Tim's own version of the Catweasel/Compaticard/whatever

From: Richard Erlacher <richard_at_idcomm.com>
Date: Wed Jul 5 19:01:45 2000

Modern design strategy, (developed as a result of much experience like
yours) demands that all the circuitry in an FPGA be synchronous, i.e. driven
by the same (not derived or gated) clock. Having been raised on individual
components, I find this restrictive, but that's because of my age, not my
wisdom. In reality, once an FPGA is on the table you have to use techniques
that will be likely to yield the lowest-risk result. You can't poke around
with a 'scope, so you have to rely on a simulator. It's a pain!

A lot depends on the flop-flop types you use in an FPGA, Tony, and there are
more types availablel today than there were ten years back. These CPLD's
have quite a variety as well, but the task is one that requires only one
clock for the "main" task, i.e. SIPO/PISO from/to the RAM. Synchronization
with the parallel port is driven from the PC, so its interface has to be
dual-rank registered, but I doubt there's need for gating the clock. That
is, as you say, an iffy practice justified only by a pipeline register to
resync the output of that circuit segment.

I've concluded that a 44-pin CPLD, though it might hold sufficient resources
to effect some FDC functions, won't have enough ins and outs to accomodate a
large SRAM. We're looking at 30 pins here just for the SRAM and half that
number +1 would be needed with a DRAM. That might still not be enough . . .

I've made a couple more remarks below, if you're interested.

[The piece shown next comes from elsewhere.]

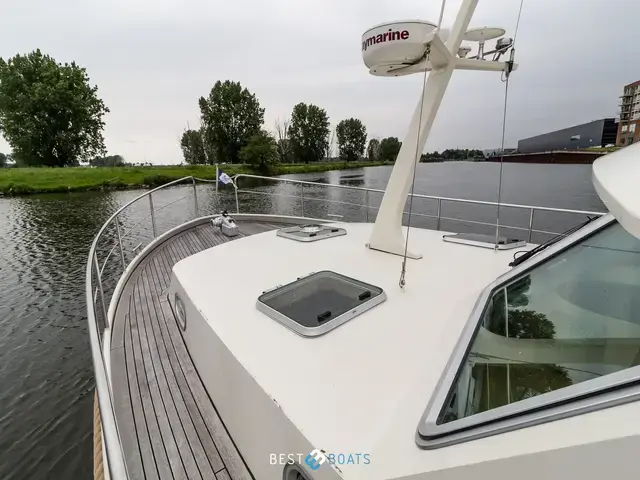 Linssen Grand Sturdy 40.9 SEDAN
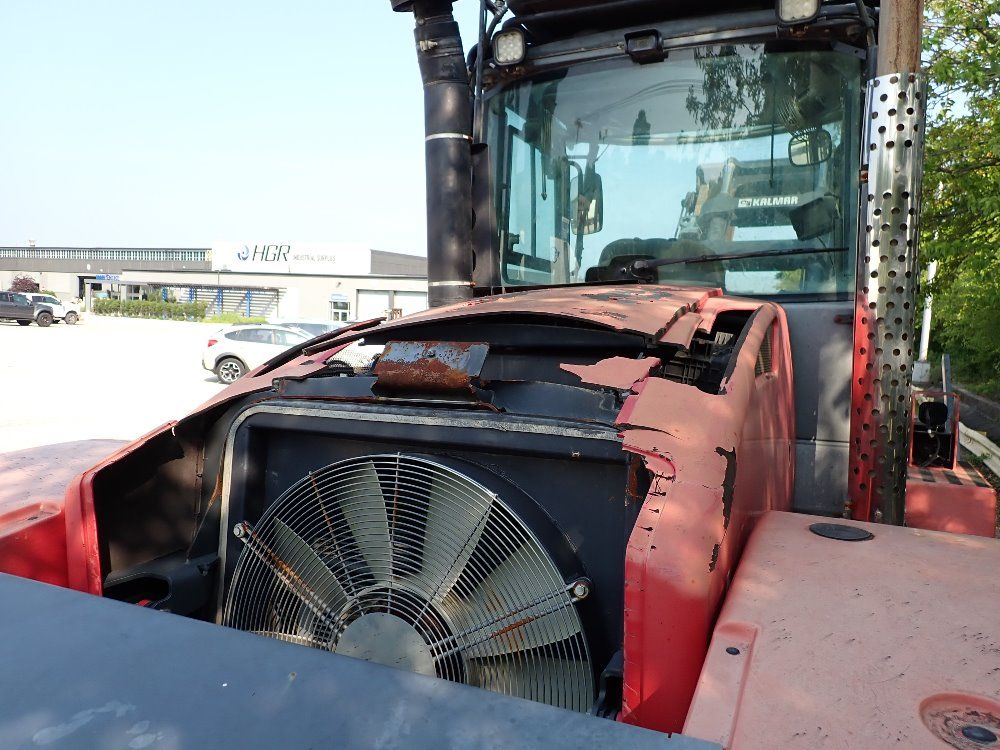 Kalmar 36000 Lbs 2014 Kalmar Dcg 160-6 Diesel Forklift - Dcg 160-6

----- Original Message -----
From: Tony Duell <ard_at_p850ug1.demon.co.uk>
To: <classiccmp_at_classiccmp.org>
Sent: Wednesday, July 05, 2000 5:18 PM
Subject: Re: Tim's own version of the Catweasel/Compaticard/whatever

> The frequency (IMHO) is irrelevent. I've seen FPGA-based designs where
> the maximum clock frequency on the board was 32kHz. The reason is that a
> narrow glitch, a small faction of the clock, will still trigger a
> flip-flop in the FPGA if it appears on the clock input [1]. It may well
> flip the write-data flip-flop in a floppy drive. Or provide just enough
> of a write pulse to the SRAM to cause you problems later.
> [1] Yes, it is a bad idea to gate clock signals to FPGA flip-flops for
> _exactly_ that reason. Clock enable inputs are provided for a reason :-).
Flipflops with enables solve that problem to large extent.
> > so slow it won't make a lot of difference for speed reasons. Moreover,
> > we're talking CPLD, *NOT* FPGA. Routing delays in a sizeable FPGA will
> > huge effect on system performance, while those in a relatively small
> > like this one are negligible. A CPLD is like a large PAL, AOI-gate-like
The reason this will likely work is because the whole process is
synchronous. It lends itself to glitch-free operation in a CPLD, because
the CPLD is basically a large PAL. Think of the XC9572 as half-a dozen
26CV12's with both pin and register feedback and product-term sharing.
What might make this thing workable for everybody would be developing a
schematic with fairly straighforward and well defined constructs, as one
might find in a databook, and a conversion, component by component to the
CPLD. Unfortunately , the XILINX software only supports the small CPLD's
with a library of primitives and no MSI's.